I replied to discussion on the Biggerpockets discussion board regarding subject 2 investing and decided that I wanted to post my answer here on my blog:
I live in Los Angeles, so this example is based on deals here. I understand that there are many areas where homes do not appreciate at the rate they would in L.A..
I think of subject to houses with little or no equity as my long term holds. I would absolutely take over a house with little or no equity and stick it in a land trust depending on a couple of things:
1. Area - is it a decent to good area that will go up in value when this market crash is over - say 5,7, 10 years from now?
2. Is the monthly PITI able to be covered in lease option/owner financing with a minimum of $200 bucks cash flow (more is better obviously).
3. Is the owner willing to hold the loan for at least 5,7,10 years?
If I put someone in the house with owner financing I can also bump up the equity and the monthly payment.
For instance:
FMV: 150K - today
Loan: 140-150K - Fixed - not adjustable.
PITI: 900-1000
For owner financing: I can get 1200-1500 a month for this property depending on the
neighborhood and get a down of 5,10, 20% (or more!) from my buyers now.
Sell the property at $175-200 (depending on area) to be cashed out in 5-7 years.
Goal: Have 30-50 (or more! yahoo!) of these homes in 5-7 years that start cashing out.
Remember this is just a portion of the long term subject-to holds.

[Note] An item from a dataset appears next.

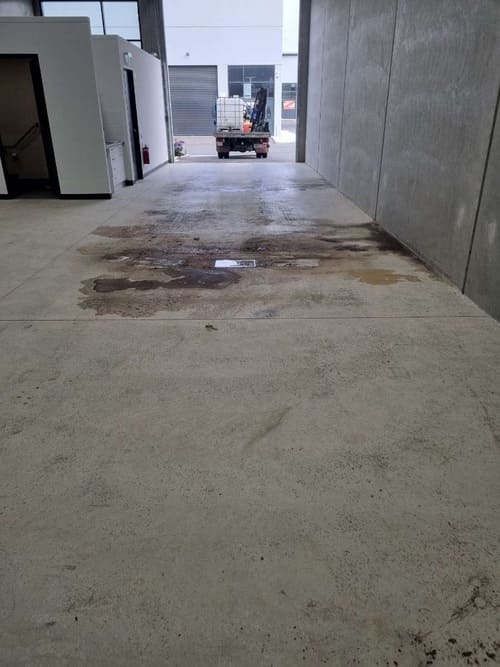 Clean-ups Adelaide CBD & North Adelaide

You will also have sub-to's that have decent equity now, and any other properties you buy such as REO houses that you would be holding. (additionally if you are doing a lot of marketing, you will get a hold of some houses that you might just wholesale or even be able to retail out now- that is if anyone could get a loan.)
Additionally some of these folks may cash out before 5 years. If the house only goes up "only" 20-25K - so what. You got a decent deposit up front and several hundred dollars cash flow and you weren't a landlord.

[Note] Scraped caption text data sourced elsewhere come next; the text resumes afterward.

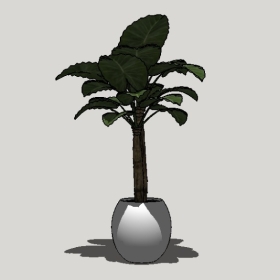 ����ֲ��_Sketchup��ͼ��ʦģ��Enscape����22020426517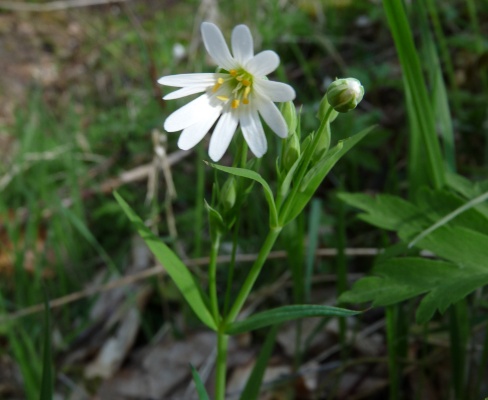 Stellaria holostea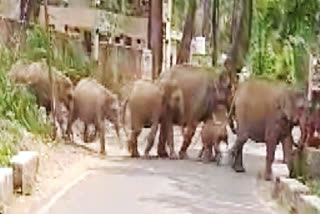 Herd of wild elephants crossing road in Uttarakhand's Kotdwar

I know there are a lot of very experienced and long time investors that would beg to differ about getting homes with little or no equity - however I really do think it boils down to knowing your exit strategy on the property before you even make the deal. Make sure you know your area. Never take a deal just for the sake of having a deal.
I've turned down plently of "deals" that had no equity simply because they didn't fit my formula and exit strategy. It only took me 2 years to learn this...the hard way!!
So what do you think? I have taken the house over with no money out of pocket. Am I being too risky here?